* Exercise: Reproduce, please, the line that holds "Loki Name Pattern Speck iPhone 12 Case" and all later lines through the end of the entries below, exactly; omit pictures.

* Provided entries:

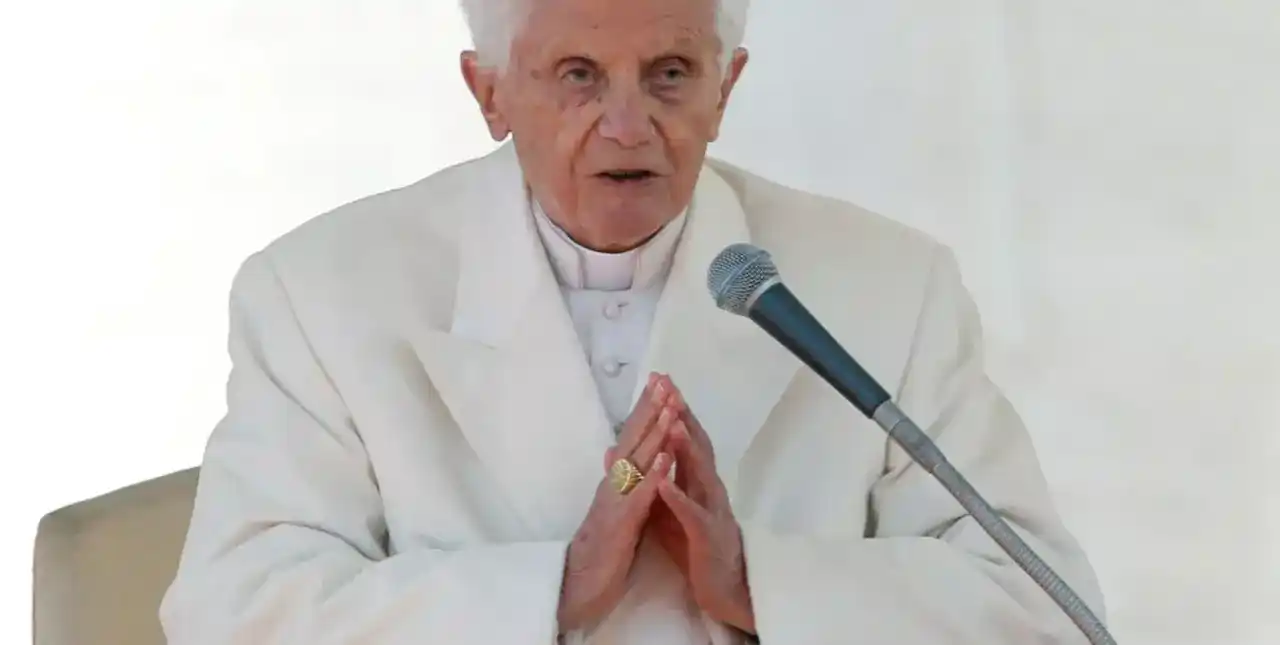 Murió el Papa emérito Benedicto XVI a los 95 años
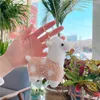 Alpaca Doll Plush Toy Small Pendants Väskor hängsmycken Keychains Doll Activity Gifts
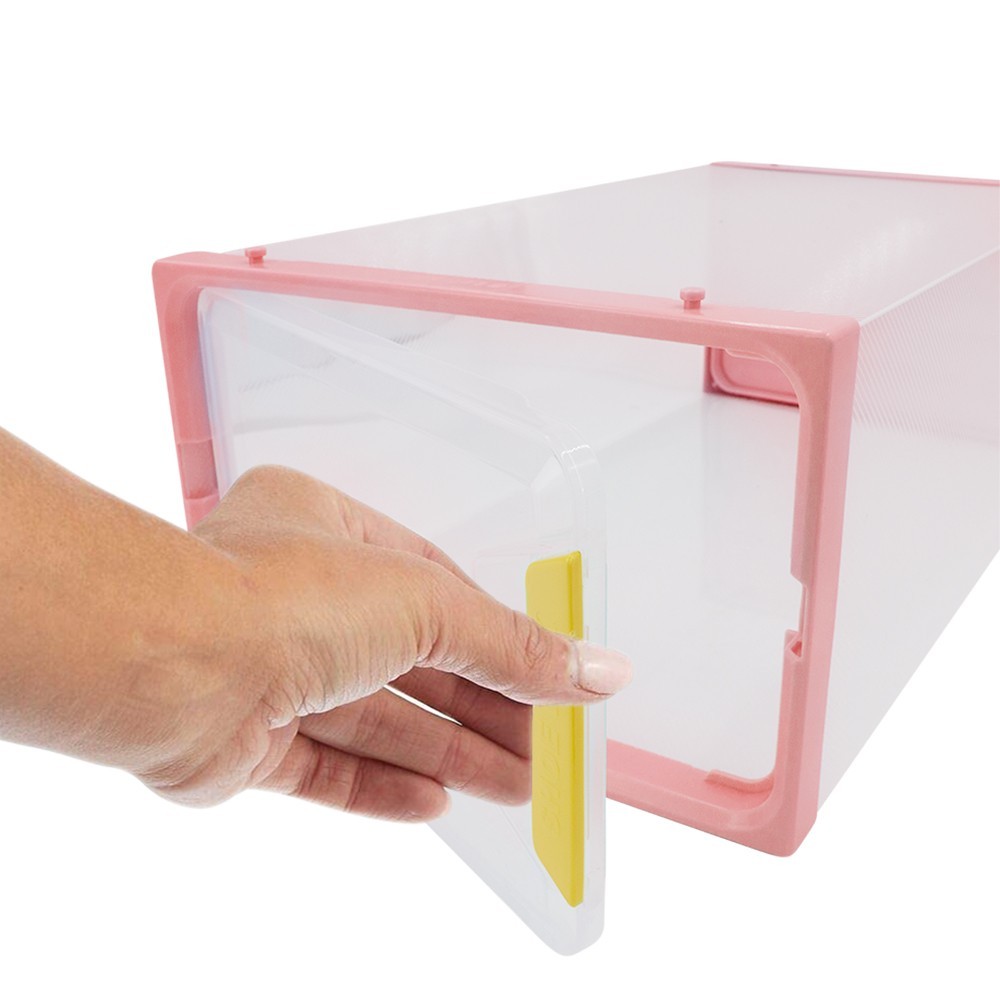 Cajas para zapatos con puerta organizadores que...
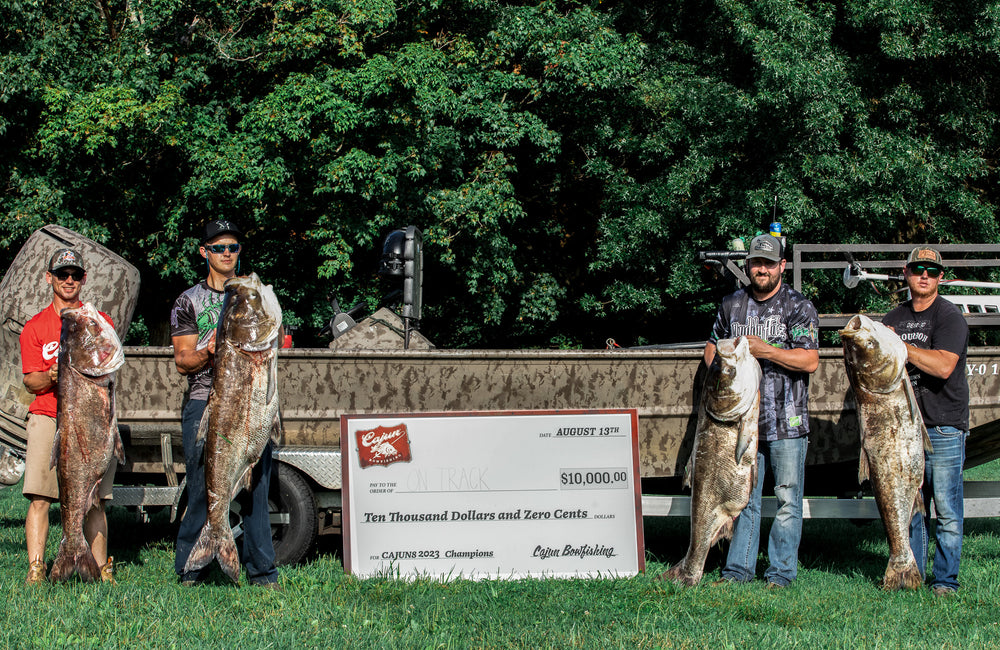 cajun 8 bowfishing tournament winners for 2023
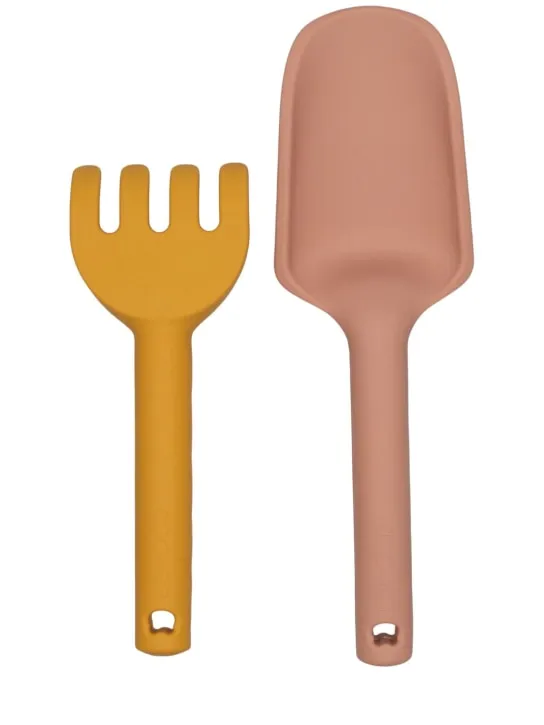 Liewood   Shell print silicone beach set 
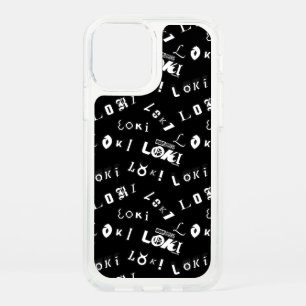 Loki Name Pattern Speck iPhone 12 Case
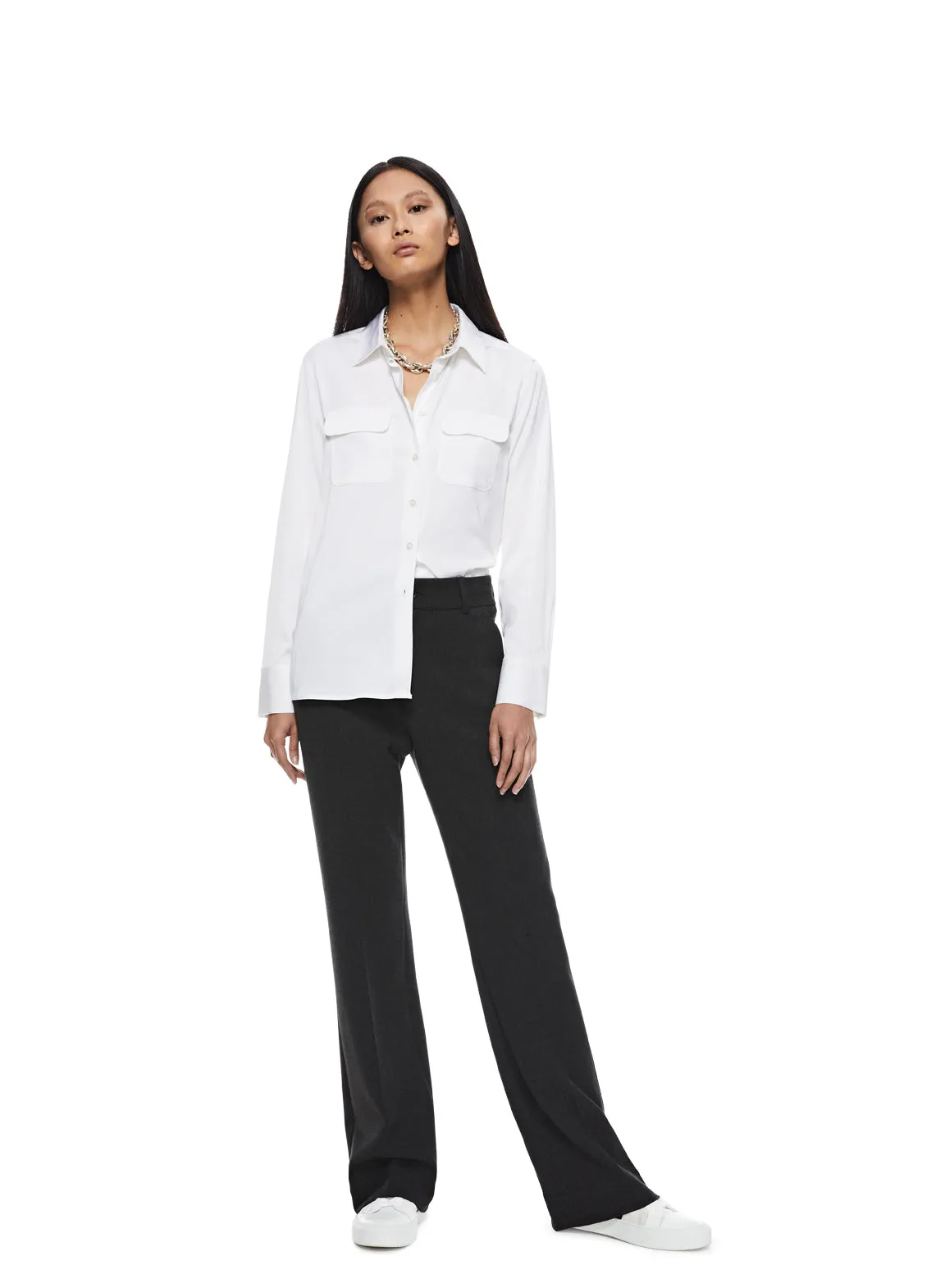 Cadet Shirt (White)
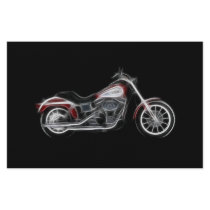 Chopper Hog Heavyweight Motorcycle Customized Stationery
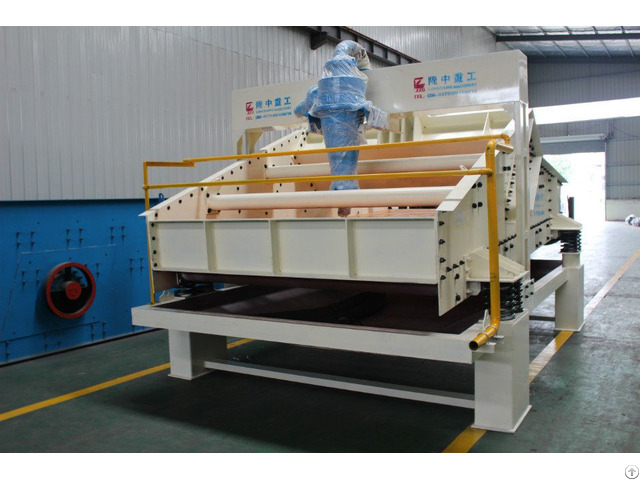 China Ldhb High Quality Linear Sand Dewatering Screen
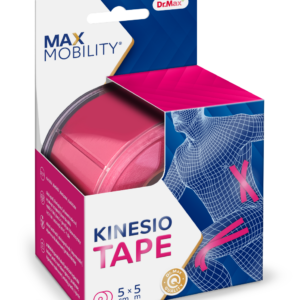 Dr. Max Banda Kinesio Roz 5cm x 5m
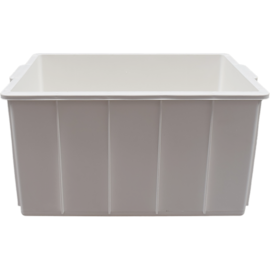 CAIXA PLÁSTICA 38 LITROS MODELO 019 BRANCA SEM TAMPA CAIXA PLÁSTICA 38 LITROS MODELO 019 BRANCA SEM TAMPA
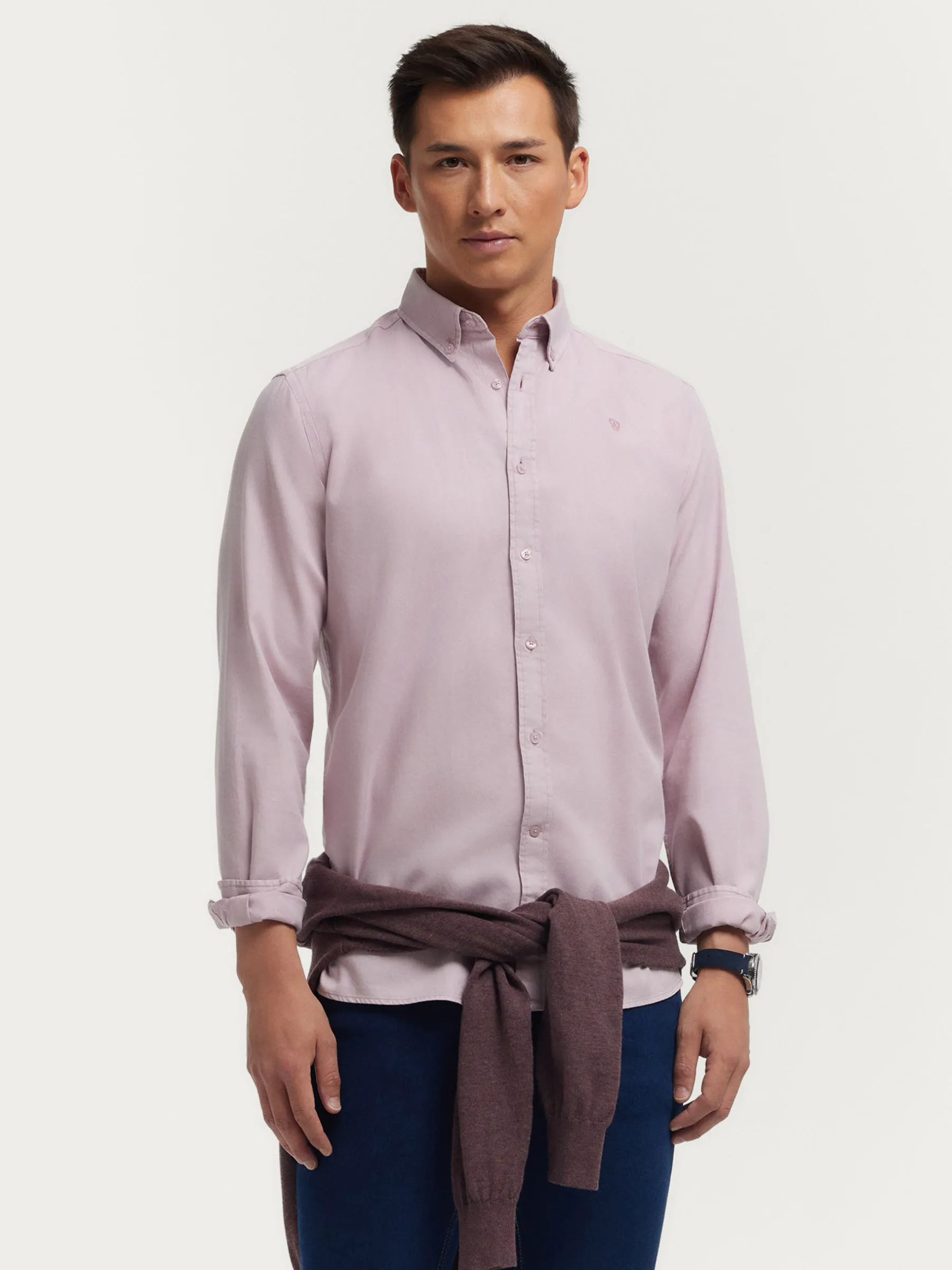 New CAMISA PANAMA DYE Hombre Casual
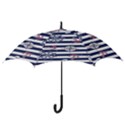 Seamless Marine Pattern Hook Handle Umbrellas (Medium) View3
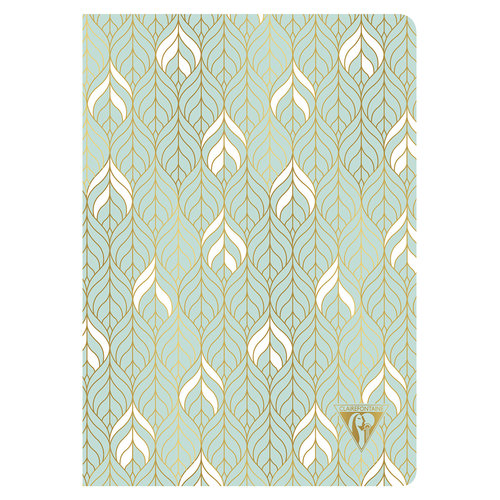 Clairefontaine Clairefontaine - Neo Deco - Liane - sea green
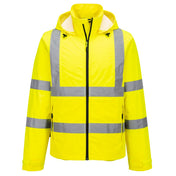 Hi-Vis Lightweight Packable Jacket - YERR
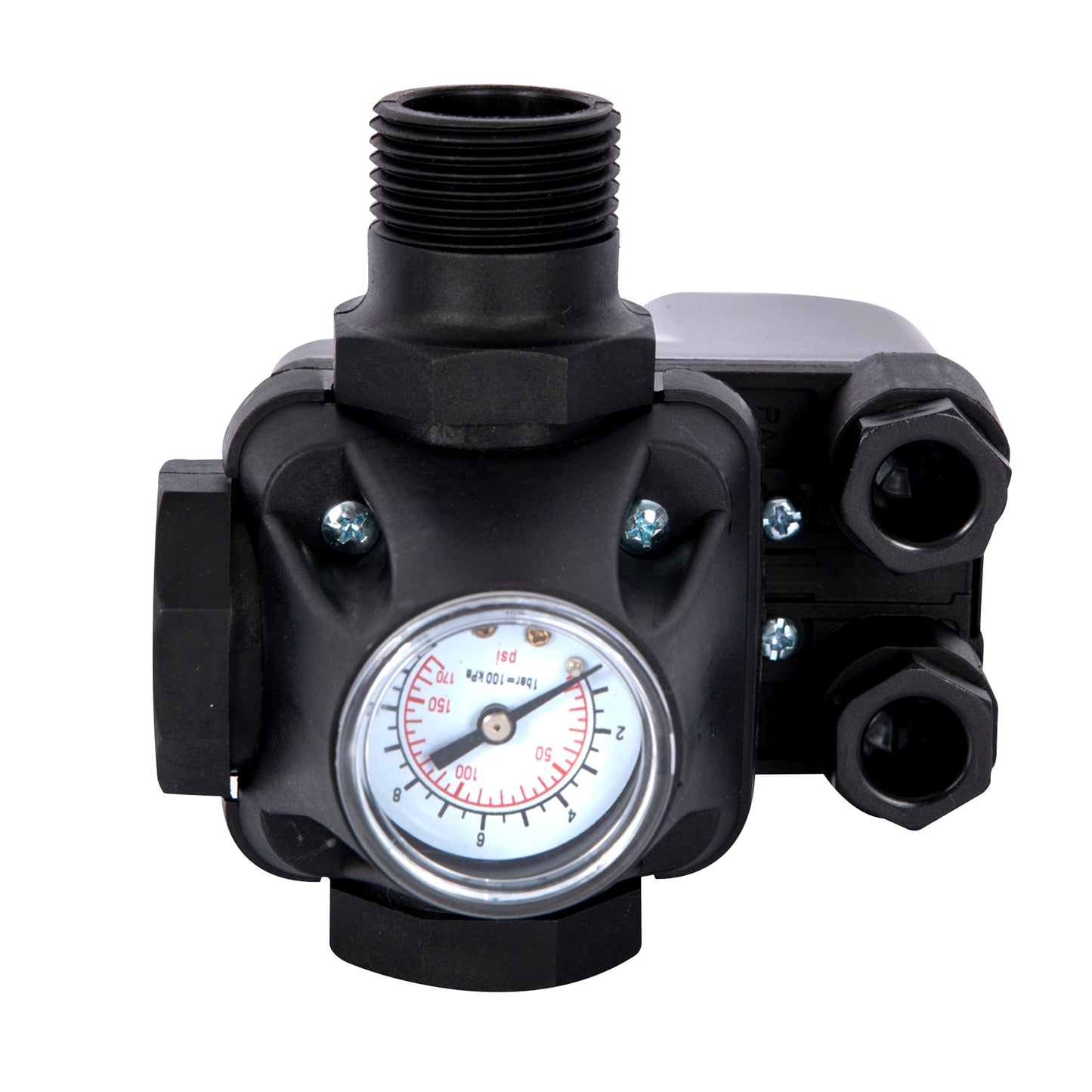 Presostat mecanic IBO Dambat PC-2, 1.6-4.6 bar, 1 tol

* Problem solution:
 Loki Name Pattern Speck iPhone 12 Case
 Cadet Shirt (White)
 Chopper Hog Heavyweight Motorcycle Customized Stationery
 China Ldhb High Quality Linear Sand Dewatering Screen
 Dr. Max Banda Kinesio Roz 5cm x 5m
 CAIXA PLÁSTICA 38 LITROS MODELO 019 BRANCA SEM TAMPA CAIXA PLÁSTICA 38 LITROS MODELO 019 BRANCA SEM TAMPA
 New CAMISA PANAMA DYE Hombre Casual
 Seamless Marine Pattern Hook Handle Umbrellas (Medium) View3
 Clairefontaine Clairefontaine - Neo Deco - Liane - sea green
 Hi-Vis Lightweight Packable Jacket - YERR
 Presostat mecanic IBO Dambat PC-2, 1.6-4.6 bar, 1 tol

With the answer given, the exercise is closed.